PROBLEM TO SOLVE - Could you retype all of the entries exactly, without their pictures?

EXTRACTED INFORMATION -
● ● ● ● ● ● ●

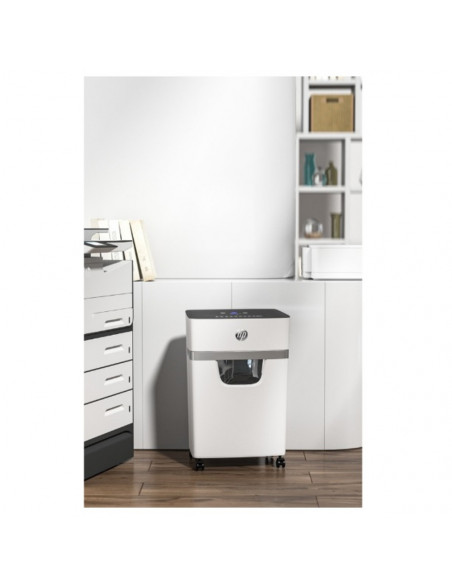 HP-2804,Distrugator de documente HP OneShred 10MC - 10 coli, micro cut (2 x 15mm), nivel securitate 5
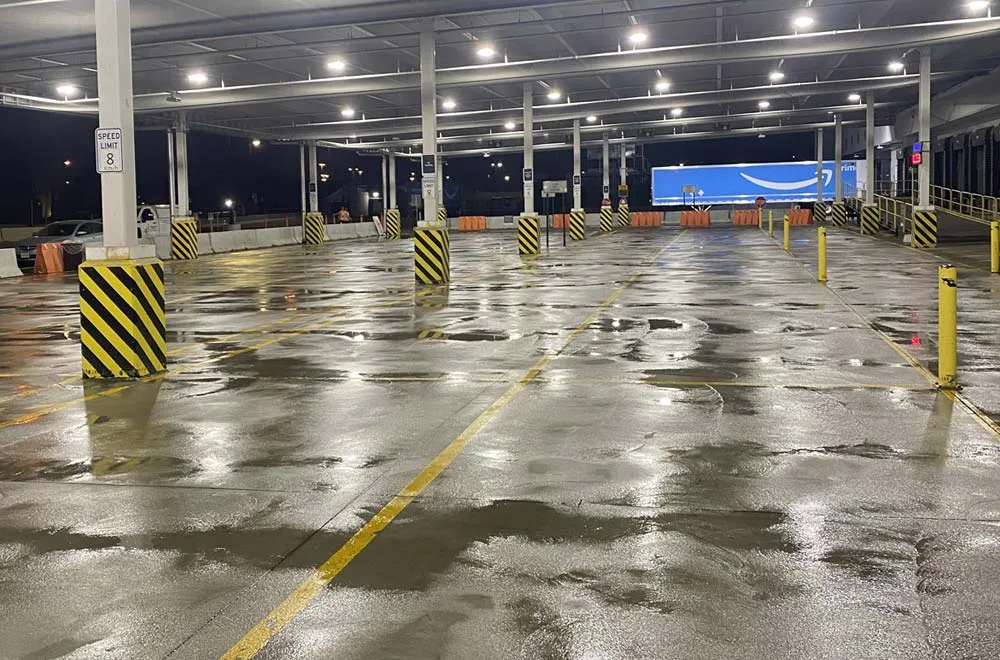 Basement and parking lot cleaning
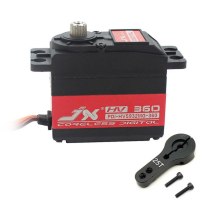 JX PDI-HV5932MG 32KG Large Torque 120 180 360 Degree Steering Digital Servo with Metal Servo Arm for RC Car Boat Robot
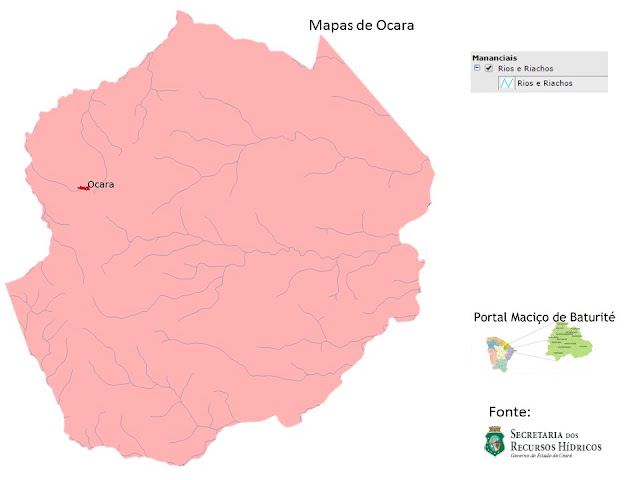 Ocara - Rios e riachos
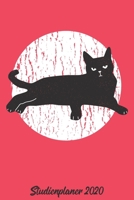 Studienplaner 2020: Wochenplaner zum notieren, organisieren und planen ca. DIN A5 6x9. Kalender / Terminkalender / Monats- / Tages�bersicht / Kontakt- / Geburtstags listen / Design: Katzenmama Katze M 1678349186 Book Cover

● ● ● ● ● ● ●

ANSWER BOX -
 HP-2804,Distrugator de documente HP OneShred 10MC - 10 coli, micro cut (2 x 15mm), nivel securitate 5
 Basement and parking lot cleaning
 JX PDI-HV5932MG 32KG Large Torque 120 180 360 Degree Steering Digital Servo with Metal Servo Arm for RC Car Boat Robot
 Ocara - Rios e riachos
 Studienplaner 2020: Wochenplaner zum notieren, organisieren und planen ca. DIN A5 6x9. Kalender / Terminkalender / Monats- / Tages�bersicht / Kontakt- / Geburtstags listen / Design: Katzenmama Katze M 1678349186 Book Cover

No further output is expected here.